I’m plus size? Great! It doesn’t change who I am, so I’m fine with it. It’s just a label that someone decided to give people who don’t fit their definition of perfect. It definitely does not define my personality, my accomplishments, or me.
In fact, I don’t mind being called “plus size” or “curvy” at all. If we live in an age where body-positivity and self-love rule, why would you be offended when someone considers you plus size?
In our society, "curvy" is the socially-accepted euphemism of choice for fat bodies. It’s the polite way to acknowledge someone isn’t thin without offending them with the word ‘fat’. I reject the notion that this euphemism is good enough for our bodies. I am plus size. I am fat. But fat does not define me.
Describing myself as "fat" is not an act of self-hatred, but an act of self-love. It took a long time for me to own it, but I got there, and I will remain there.
As a child, I was always bigger.

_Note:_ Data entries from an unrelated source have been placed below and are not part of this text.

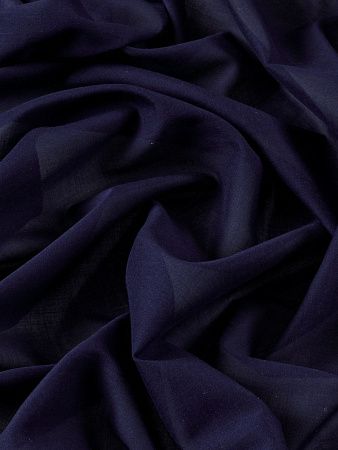 Хлопковый батист (navy)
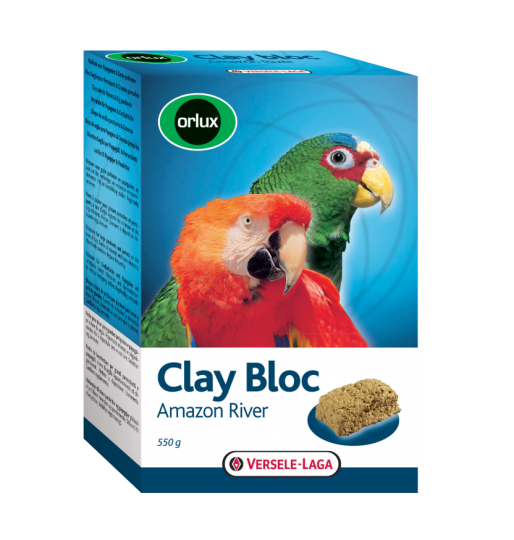 Orlux Clay Bloc Amazon River 550g 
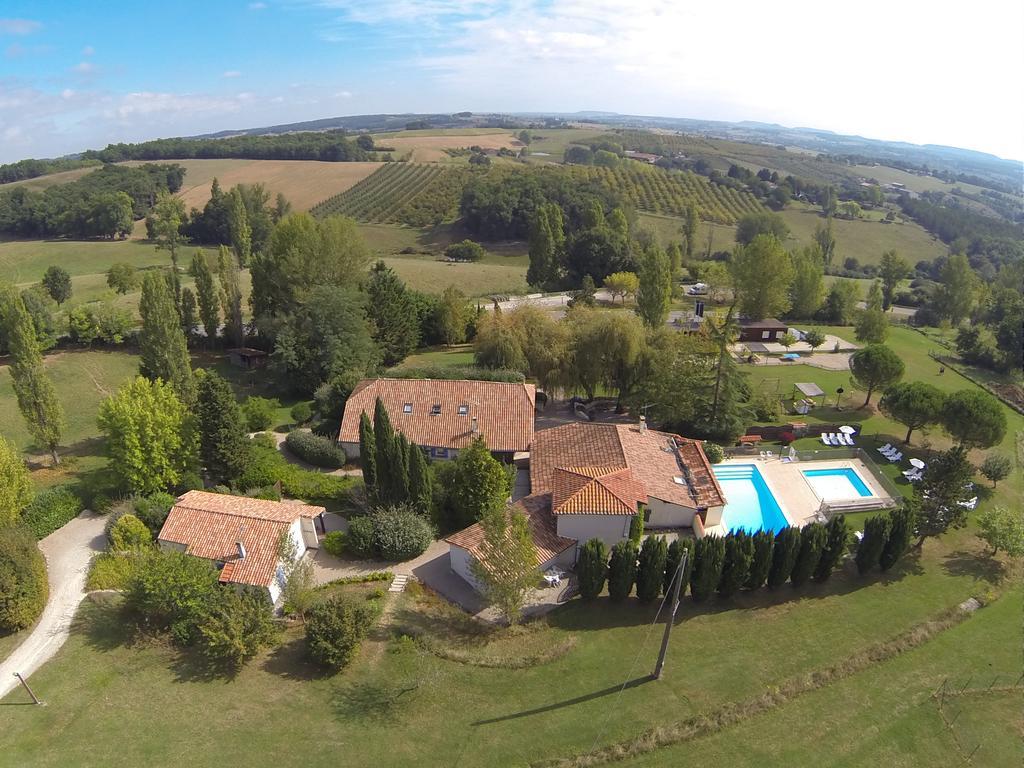 Villa La Grange Du Cheval Blanc Villeneuve-sur-Lot Exterior foto
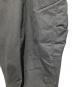 中古・古着 KIKO KOSTADINOV (キコ・コスタディノフ) 22AW VALAKAS CARGO TROUSER ブラック サイズ:50：30000円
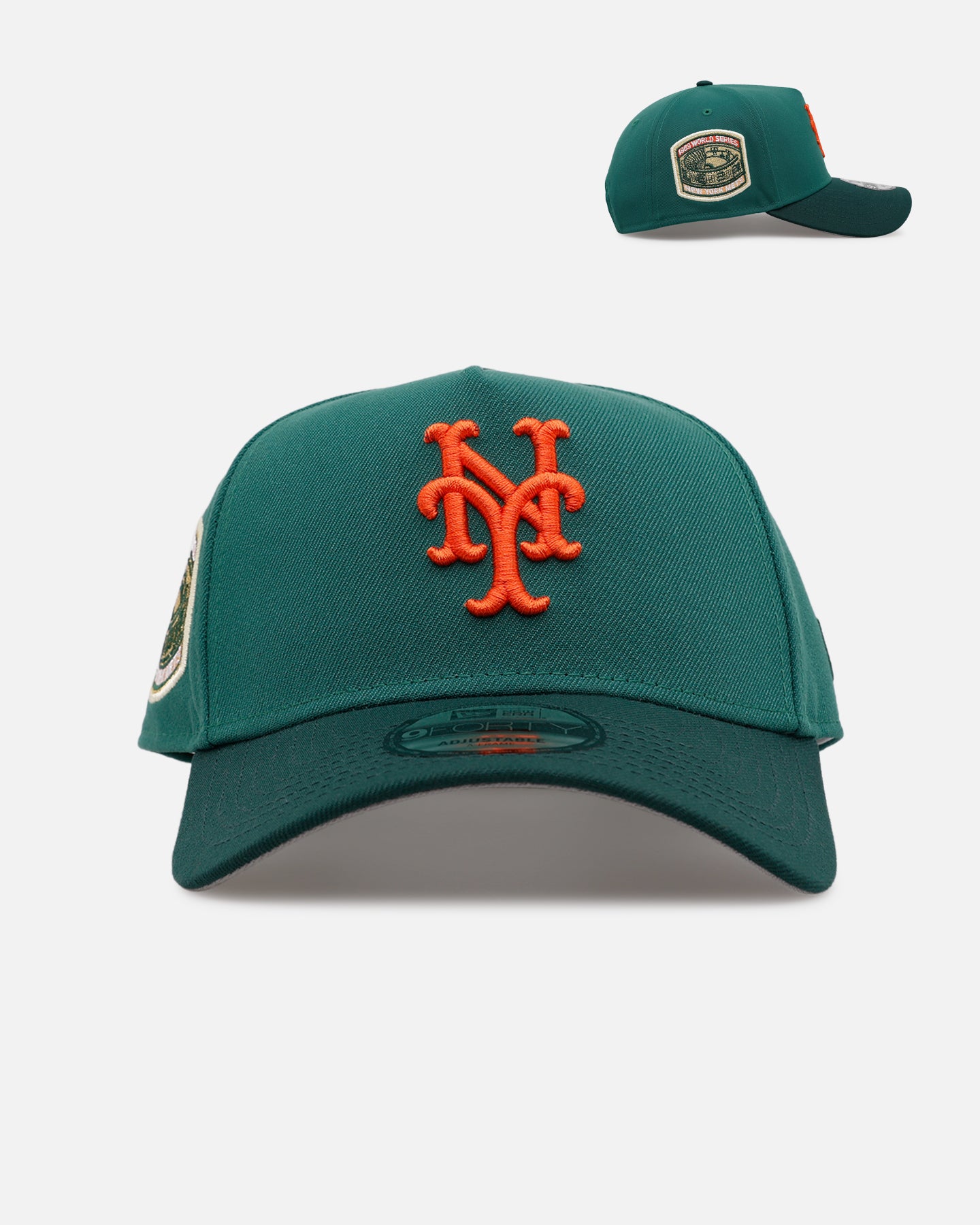 New Era New York Mets 'Citrus 2.0' 9FORTY A-Frame Snapback Dark
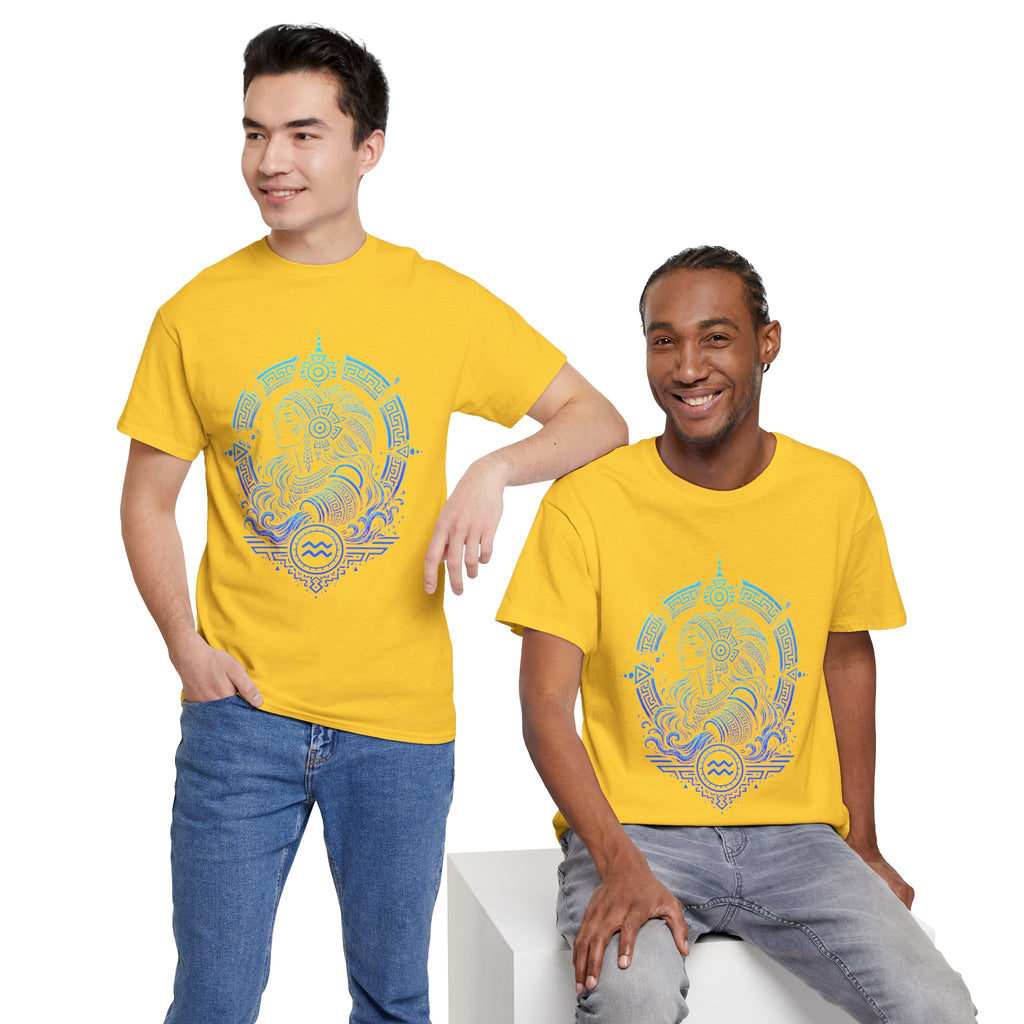 Aquarius Version 2 Zodiac T-Shirt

I wasn’t fat. I was what many would have called “big-boned.” Growing up, I grew into a plus size body. I never didn’t like the way I looked. I never really hated being fat. The problem was everyone else. Everyone else made me scared that I wasn’t OK, that I was wrong to feel confident about my body. It was films, magazines, books, and classes at school that made me wonder if I had got it all wrong. Well, here’s what I came to learn: the media is NOT a reflection of reality.
I didn’t hate being fat. I hated being called fat. Not because I thought fat was bad, but because I knew that other people did. I knew that they were using ‘fat’ as a way to hurt me. It was so loaded, so malicious, always the first adjective to be used against me in a petty fight, and something I just couldn’t argue back against.
Well, here’s the thing. There is ALWAYS going to be something that’s “wrong” with you, and there will always be people telling you to change. But you don’t have to. You don’t have to lose twenty pounds, you don’t have to cake makeup on your face, and you don’t have to wear clothes that the world says you should. If you want to, go for it. But no one can make you, and no matter what your choice is, it doesn’t change who you really are.
If you want to exercise, do it to feel like a better you; a you that you’re proud of. But NEVER manipulate your body because someone told you that you need to in order to be more beautiful.
For me, when I talk about my body or someone else’s body and I call it plus size, I say it with respect and a refusal to participate in a hierarchy where thinness is aspirational, and fat is shameful. I say it to describe a body, to celebrate a body for what it is, not to wound it or treat it with shame.
So when you call me curvy or plus-size and think that it offends me, think again. I love myself. The woman who does not require validation from anyone is the most feared individual on the planet. But if I asked you to name all the things that you love, how long would it take for you to name yourself?